When we audited 837 cleaning company websites across 43 cities and 11 states, we found a pattern that should frustrate every business owner who’s spent years building their Google reputation. Companies with hundreds — sometimes over a thousand — Google reviews had websites that showed none of them.
Not a single review. Not a star rating. Not even a link to their Google Business Profile.
The reviews exist. Customers left them. The company earned them. But the website — the place where new customers go to decide whether to book — acts as if those reviews don’t exist. The trust is earned and then hidden.
The average cleaning website in our audit data scores 38 out of 100. One of the biggest contributors to low scores is missing social proof. Reviews are the most powerful trust signal a cleaning company has, and the majority of sites bury them on a platform most visitors never check during their booking decision.
Earned trust that stays invisible
Across our dataset of 837 cleaning websites, the pattern is consistent. Companies invest in customer service, follow up for reviews, respond to feedback — and then send all that effort to Google, where it helps their listing but does nothing for their website’s conversion rate.
The disconnect is measurable. When a visitor finds your cleaning company through Google, they see your star rating in the search results. That gets the click. But once they land on your website, they enter a different environment — one where those stars, that review count, and those customer stories are nowhere to be found.
46% of sites don’t mention being bonded, insured, or background-checked. 67% show no satisfaction guarantee. And the vast majority display no reviews at all on the site itself. The trust path breaks the moment someone moves from Google to the website.
The companies we’ve seen with the highest scores in our audit — those in the 61-80 range and the rare few above 80 — almost always feature reviews prominently on their homepage and service pages. They bring Google reviews onto the site itself, or they collect and display testimonials directly.
Why Google reviews on Google aren’t enough
There’s a common assumption: “My reviews are on Google. People can see them there.” That’s true, but it misunderstands how the conversion journey works.
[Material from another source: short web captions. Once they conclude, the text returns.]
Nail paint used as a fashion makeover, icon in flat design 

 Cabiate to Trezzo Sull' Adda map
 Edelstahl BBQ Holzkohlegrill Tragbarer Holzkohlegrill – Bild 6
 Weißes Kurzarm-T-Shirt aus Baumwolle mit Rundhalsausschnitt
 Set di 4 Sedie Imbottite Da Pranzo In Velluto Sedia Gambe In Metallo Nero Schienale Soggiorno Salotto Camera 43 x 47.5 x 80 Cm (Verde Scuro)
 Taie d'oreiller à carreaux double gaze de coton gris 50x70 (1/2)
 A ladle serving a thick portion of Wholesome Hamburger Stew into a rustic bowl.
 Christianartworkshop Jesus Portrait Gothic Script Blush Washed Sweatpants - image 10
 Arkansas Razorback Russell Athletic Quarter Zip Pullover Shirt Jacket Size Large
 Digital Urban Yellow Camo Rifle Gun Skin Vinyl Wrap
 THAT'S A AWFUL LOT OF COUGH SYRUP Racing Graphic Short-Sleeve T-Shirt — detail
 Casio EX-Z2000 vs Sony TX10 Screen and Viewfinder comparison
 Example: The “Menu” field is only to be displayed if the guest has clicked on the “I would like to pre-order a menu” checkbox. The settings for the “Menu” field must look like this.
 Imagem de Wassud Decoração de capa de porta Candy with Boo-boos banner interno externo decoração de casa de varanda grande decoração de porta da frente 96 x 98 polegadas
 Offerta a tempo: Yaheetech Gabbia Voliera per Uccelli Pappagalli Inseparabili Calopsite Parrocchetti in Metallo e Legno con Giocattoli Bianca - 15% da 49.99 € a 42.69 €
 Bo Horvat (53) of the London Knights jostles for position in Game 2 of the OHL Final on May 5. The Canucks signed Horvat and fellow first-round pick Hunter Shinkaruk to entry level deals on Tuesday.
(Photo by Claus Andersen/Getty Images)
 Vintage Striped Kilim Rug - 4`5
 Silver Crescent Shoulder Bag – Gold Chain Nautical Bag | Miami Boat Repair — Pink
A homeowner searching “house cleaning near me” typically opens 3 to 5 websites in separate tabs. She’s comparison shopping. Once she’s on your website, she’s evaluating your site against the other tabs. At that point, she’s not going back to Google to re-read your reviews. She’s scanning your page for signals that you’re trustworthy, professional, and worth the price.
If your competitor’s website shows “Rated 4.9 stars — 500+ reviews” with real customer quotes on the homepage, and yours shows nothing, the competitor wins that comparison. Your 1,000 Google reviews are irrelevant because they’re not in the room where the decision is made.
74% of cleaning websites have no online booking. 74% show no pricing. Those gaps already make the decision harder. Adding missing reviews on top means the visitor has to guess about cost, booking availability, and service quality — all at once.
What high-scoring cleaning sites do with reviews
The top 17.3% of sites in our audit — those scoring above 60 — share a specific approach to reviews. They don’t just mention them. They integrate reviews into the conversion path.
They display a review count and star rating above the fold. The visitor doesn’t have to scroll to see “4.9 stars from 350+ reviews.” It’s right there, near the headline or the primary call-to-action. The number validates the company before the visitor reads anything else.
They feature 3-5 full customer quotes. Not generic testimonials like “Great service!” but specific, detailed reviews that mention the service type, the cleaner’s name, or the result. “Maria deep-cleaned our entire kitchen including inside the oven — it looks brand new” is worth more than any marketing copy.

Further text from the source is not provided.